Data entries

***

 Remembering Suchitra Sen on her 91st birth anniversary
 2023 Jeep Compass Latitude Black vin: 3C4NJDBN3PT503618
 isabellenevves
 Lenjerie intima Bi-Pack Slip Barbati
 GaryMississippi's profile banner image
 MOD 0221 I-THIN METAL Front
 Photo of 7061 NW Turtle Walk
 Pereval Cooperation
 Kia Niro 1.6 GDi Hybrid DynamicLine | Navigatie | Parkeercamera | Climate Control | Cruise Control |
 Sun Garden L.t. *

***

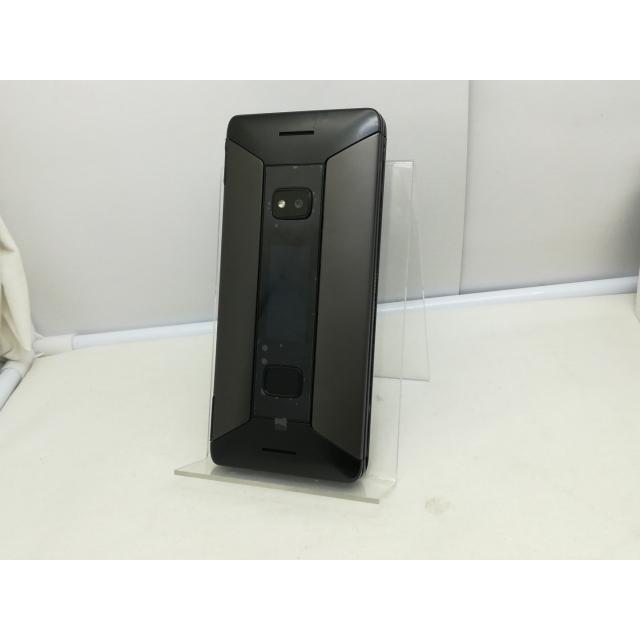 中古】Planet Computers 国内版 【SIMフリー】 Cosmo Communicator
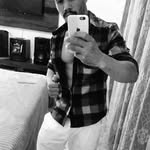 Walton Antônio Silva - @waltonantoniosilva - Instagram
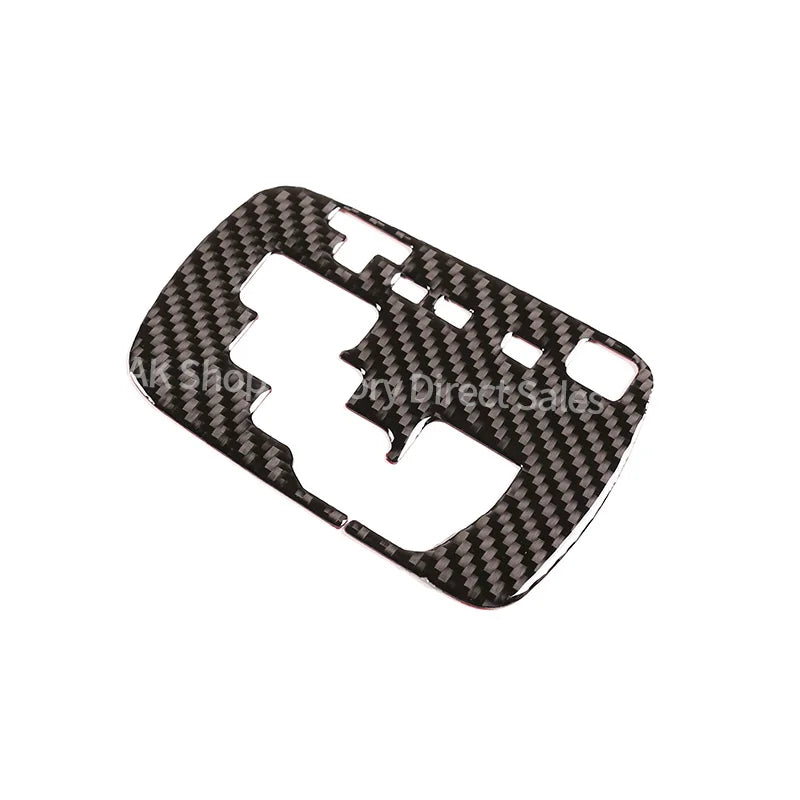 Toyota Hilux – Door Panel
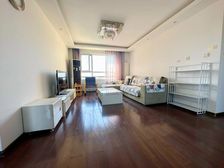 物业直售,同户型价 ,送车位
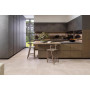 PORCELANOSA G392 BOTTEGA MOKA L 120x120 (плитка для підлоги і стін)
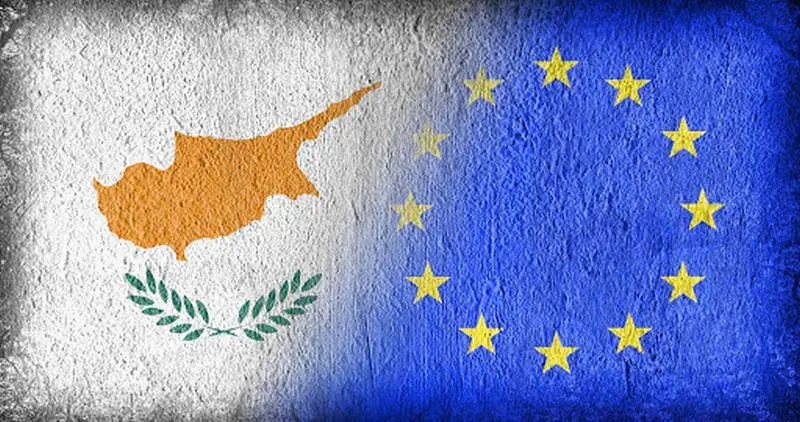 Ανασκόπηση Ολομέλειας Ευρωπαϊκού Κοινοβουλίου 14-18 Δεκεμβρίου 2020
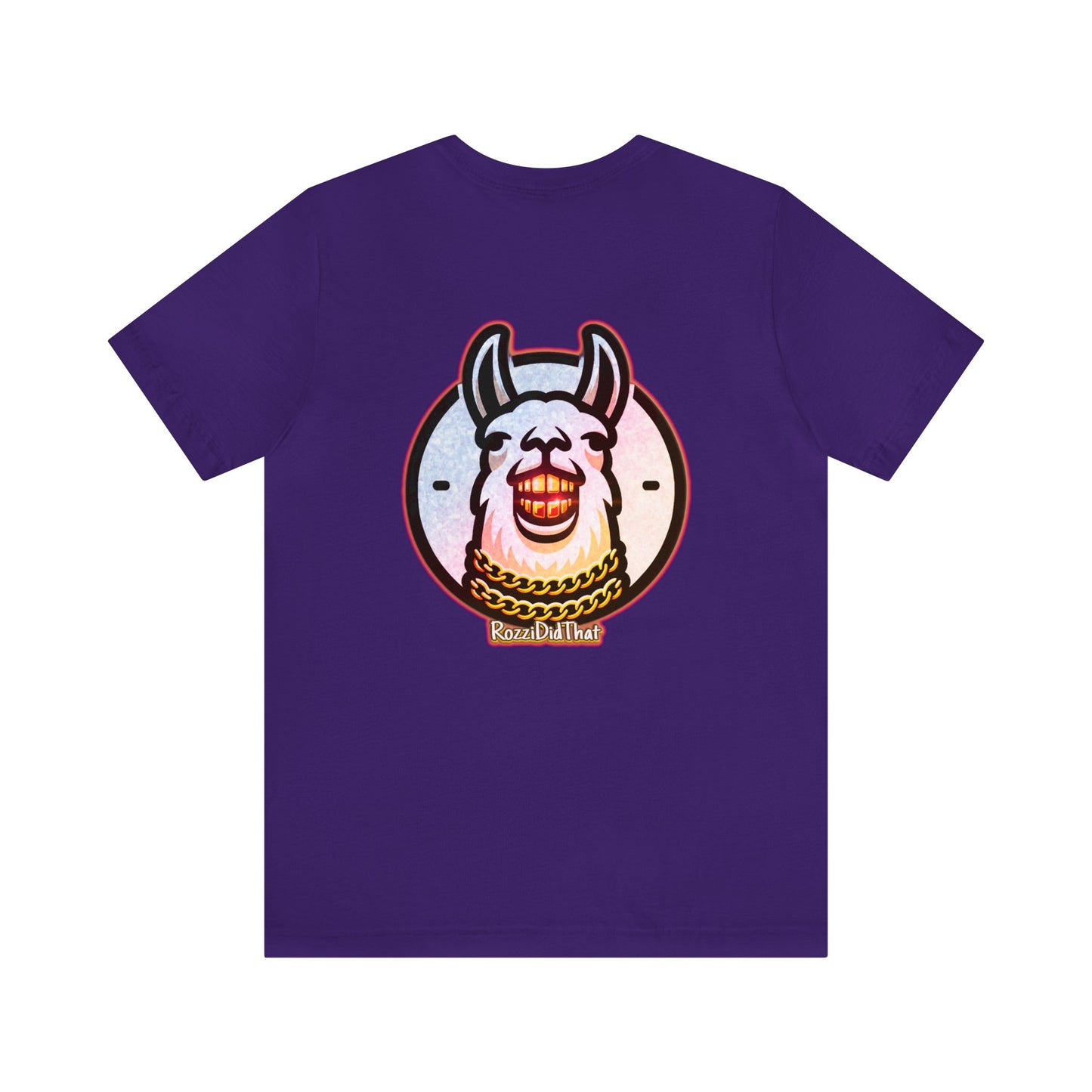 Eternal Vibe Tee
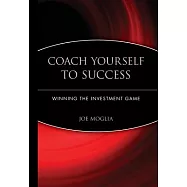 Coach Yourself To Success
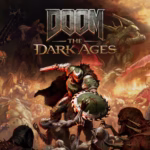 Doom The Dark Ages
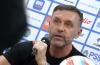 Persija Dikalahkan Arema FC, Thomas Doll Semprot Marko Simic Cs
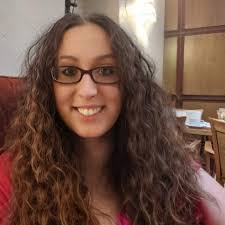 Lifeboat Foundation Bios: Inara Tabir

***

■ REQUIREMENT: Copy the records above exactly, beginning at the line that contains "Remembering Suchitra Sen" and stopping after the line that contains "Sun Garden L.t. *".

■ ANSWER TO THE PROBLEM:
 Remembering Suchitra Sen on her 91st birth anniversary
 2023 Jeep Compass Latitude Black vin: 3C4NJDBN3PT503618
 isabellenevves
 Lenjerie intima Bi-Pack Slip Barbati
 GaryMississippi's profile banner image
 MOD 0221 I-THIN METAL Front
 Photo of 7061 NW Turtle Walk
 Pereval Cooperation
 Kia Niro 1.6 GDi Hybrid DynamicLine | Navigatie | Parkeercamera | Climate Control | Cruise Control |
 Sun Garden L.t. *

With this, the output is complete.